The remnant that loves.

Posted by appolus on May 19, 2025

One of the most tragic realities of the contemporary church, most glaringly within the American context, yet by no means confined to it, is the widespread absence of the new birth among professing Christians. This foundational deficiency renders it utterly impossible for such individuals to love as the early church loved, for the very source and sustainer of that love is Christ Himself. It is He who binds believers together in divine unity.

The church, properly understood, is not a building, a denomination, or an institution, it is the living body of Christ. And unless one has been joined to that body through regeneration, one simply does not belong to the Church in the true, biblical sense, the ekklesia, the “called-out ones.”

It is spiritual folly to expect those outside of Christ, unregenerate and untouched by the Spirit of God, to manifest the supernatural love that defined the earliest believers. This love flows not from religious duty or communal sentiment, but from the indwelling presence of the Holy Spirit.

Oswald Chambers, in his meditations on the Sermon on the Mount, rightly observed that any attempt to live out Christ’s teachings apart from the new birth results in a miserable experience. For the unregenerate, the Sermon is not a light but a crushing burden, a lofty ideal that exposes the impossibility of genuine righteousness without divine transformation.

Religion, absent the life of Christ, becomes little more than a philosophy, a system of ethics, or a cultural form. It may produce momentary acts of kindness, but it cannot sustain the sacrificial, Spirit-wrought love of the saints. This love, that bears all things, believes all things, hopes all things, endures all things, does not arise from human effort but from the supernatural work of God in the soul.

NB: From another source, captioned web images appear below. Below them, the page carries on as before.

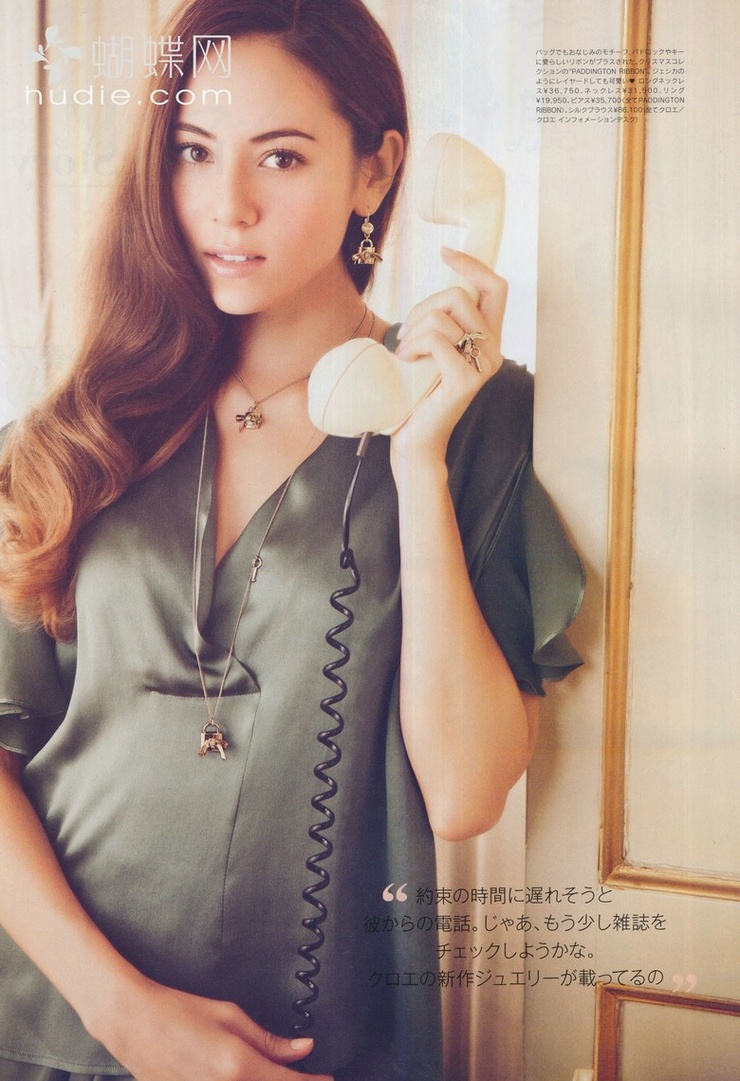 Jessica Michibata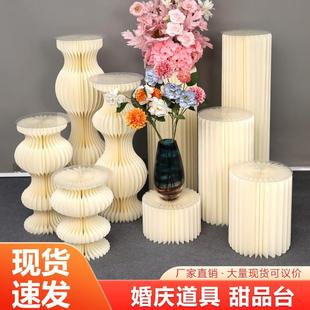 婚庆道具甜品台柱子折叠罗马柱婚礼堂纸质摆件橱窗布置装 新款 饰品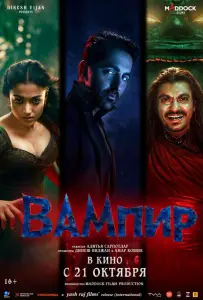 Вампир (фильм 2025)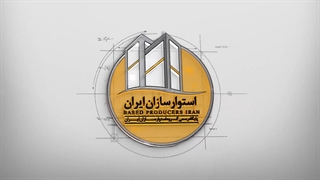 تغییر دادن رنگ بک گراند اتوکد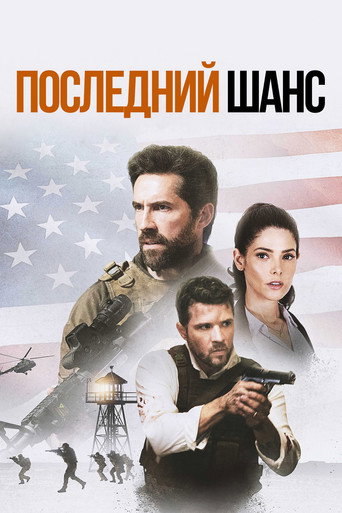 Постер фильма «Последний шанс»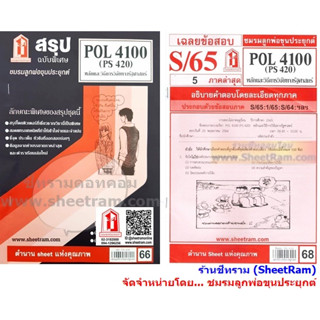 ชีทราม POL4100 / PS420 หลักและวิธีการวิจัยทางรัฐศาสตร์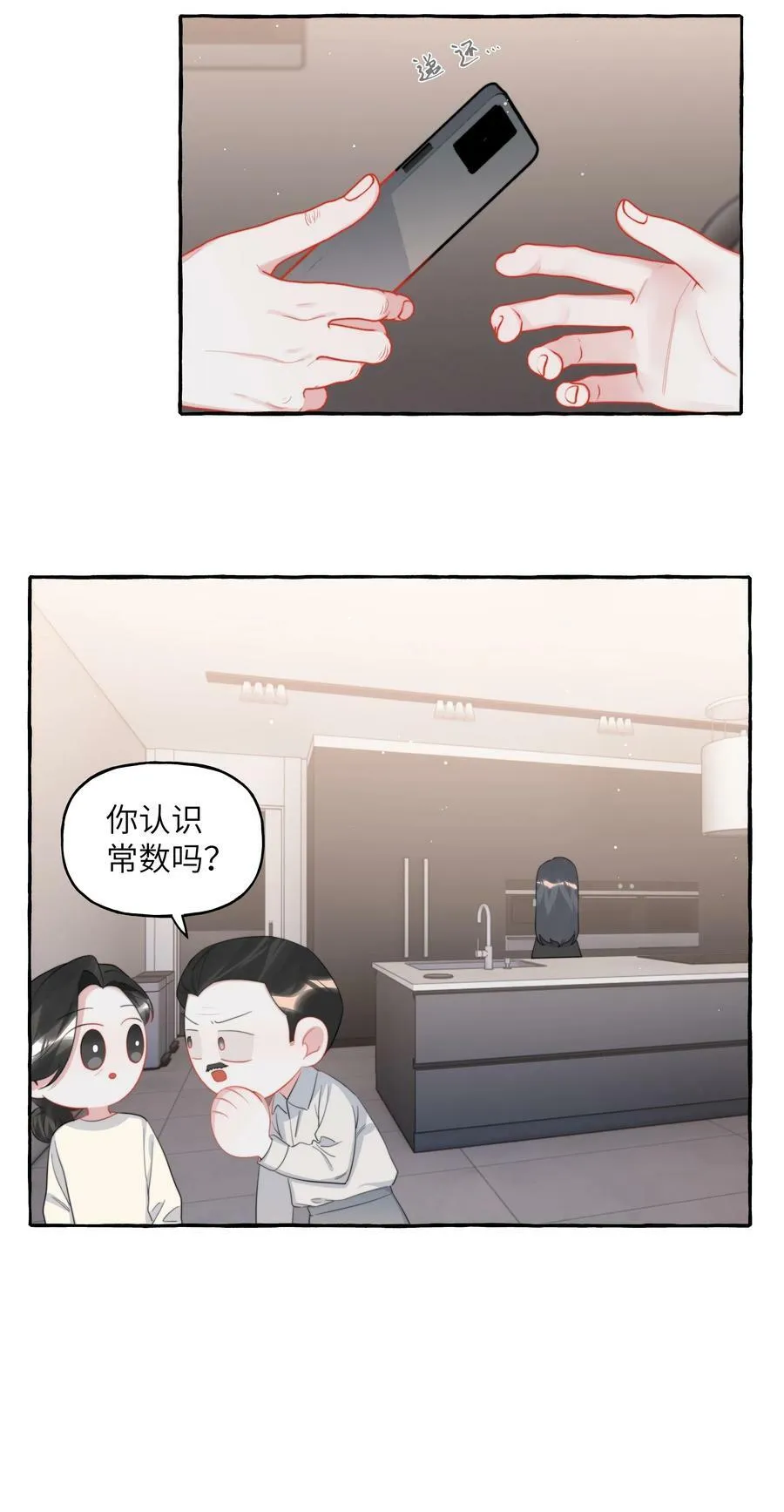 096 常数 第28页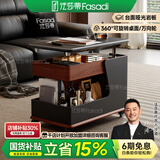 法莎蒂政府补贴客厅边几可移动沙发边桌意式极简边柜小推车茶几置物架 BJ3024【黑+胡桃色】可移动小推车边几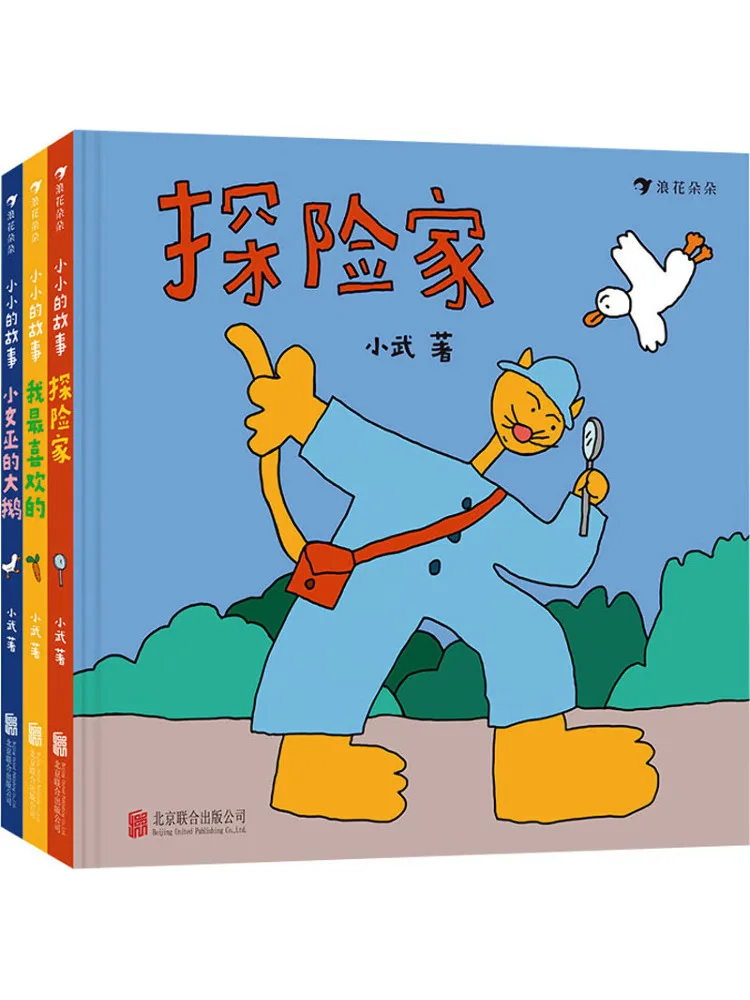 

Book-Winshare Little Stories 3 Volumes in Total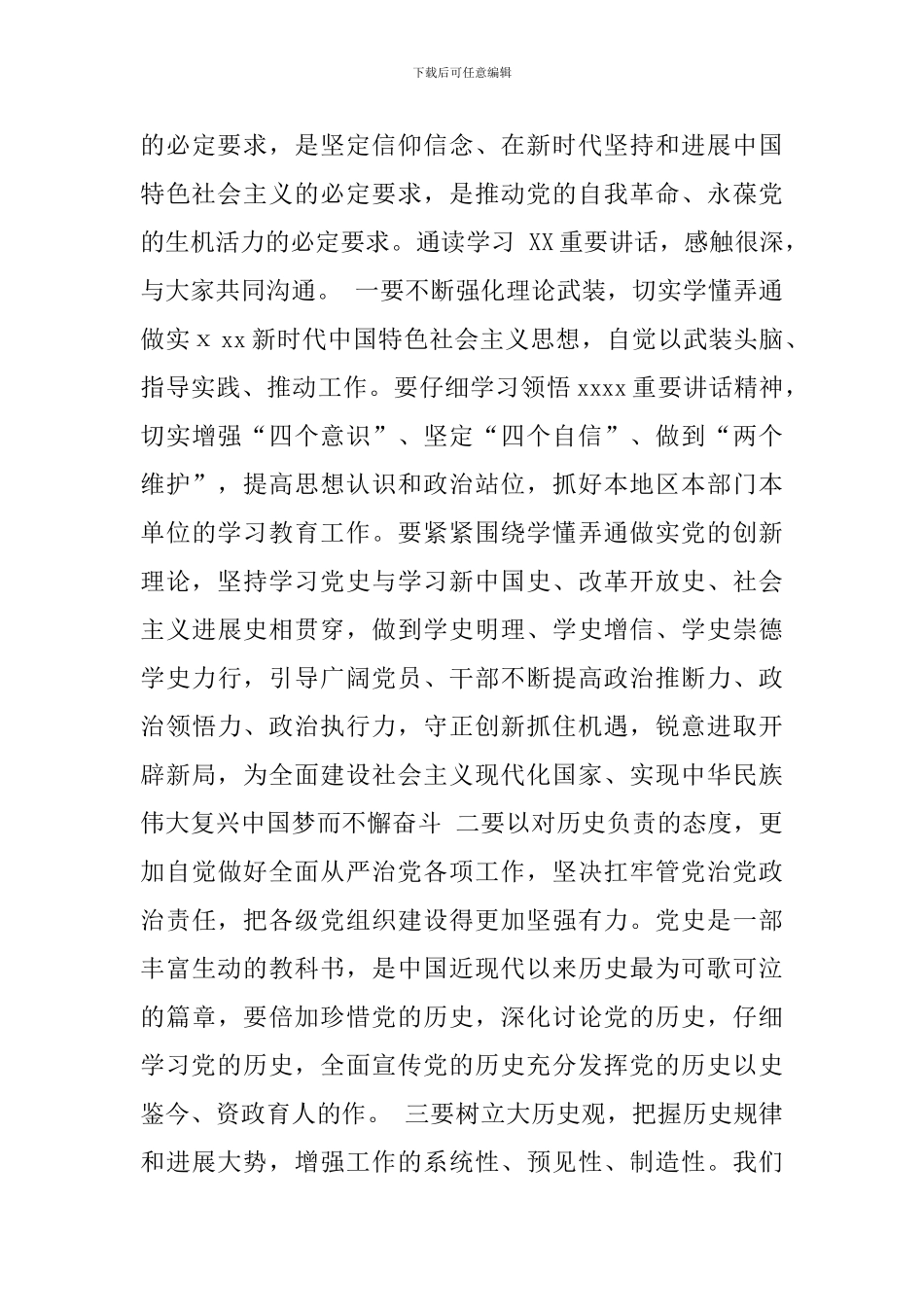 2024年学党史、悟思想、办实事、开新局党史学习教育动员大会重要讲话学习心得体会_第3页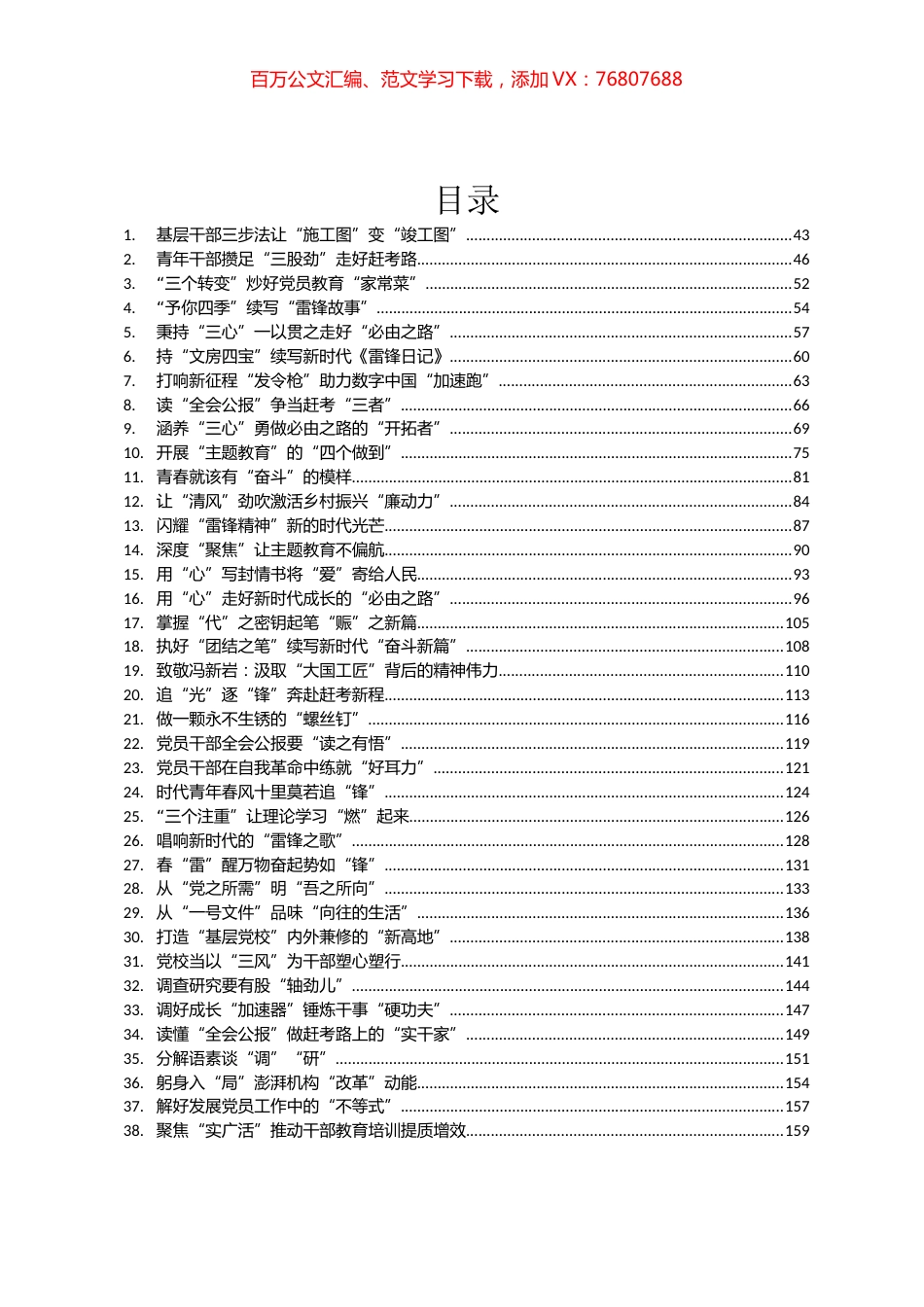 2023年03月份重要讲话、重要会议心得体会汇编（787篇）.docx_第1页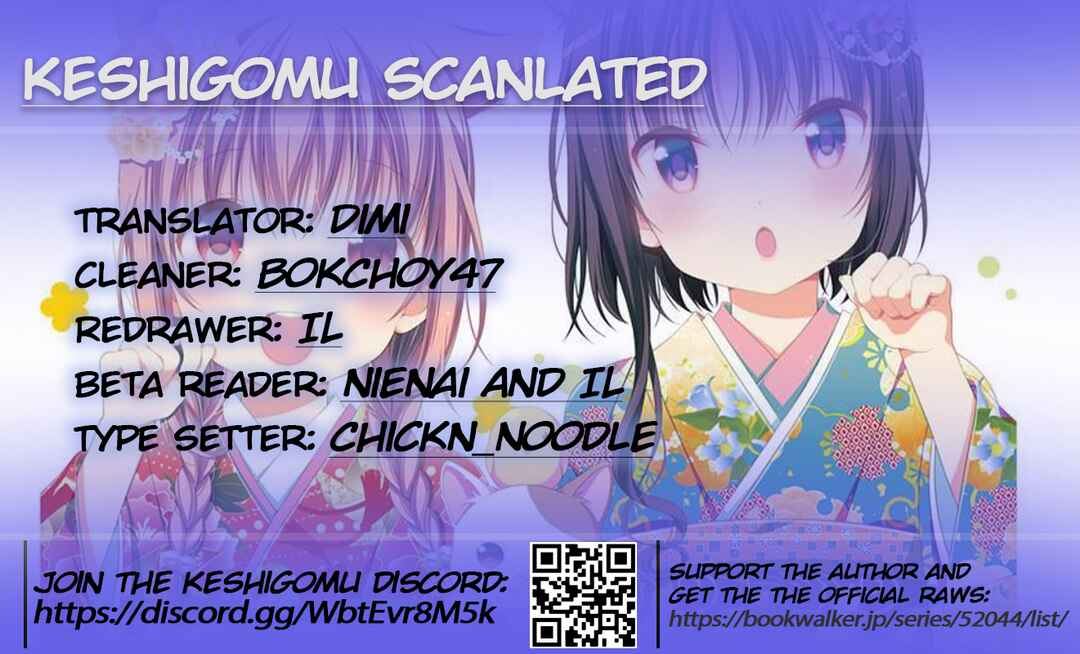 Page 19 Chapter 15 Hinako Note
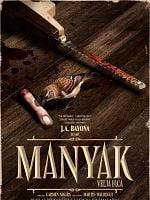 Manyak posteri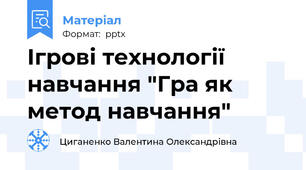 Ігрові технології навчання "Гра як метод навчання"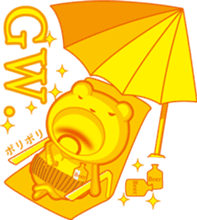 Annual events in Japan (japaneseVer) sticker #1597174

Thus, what many interpret as disunity in the church is, in truth, the presence of multitudes who are members of religious organizations, but not members of Christ’s body. They are, at best, moralists striving in their own strength, at worst, deceived souls clinging to the form of godliness while denying its power.

The Scriptures are not silent on this. “Many are called, but few are chosen” (Matthew 22:14). The remnant, the few, are the truly born again, those who love with a love not their own, who recognize one another not by label or denomination, but by the Spirit of Christ within. When these encounter one another, there is immediate fellowship, unfeigned and deeply rooted in shared life.

To expect widespread spiritual unity in a landscape dominated by nominalism is to set oneself up for continual disillusionment. Indeed, the gap between our expectations and the reality of the religious world around us is often the precise measure of our grief.

But if we understand this reality, that true unity and true love exist only among the regenerate few, we will cease to be disheartened by the failures of the masses and instead rejoice to find, here and there, a brother or sister truly alive in Christ. For these are the Church. These are the Body. These are the beloved of God.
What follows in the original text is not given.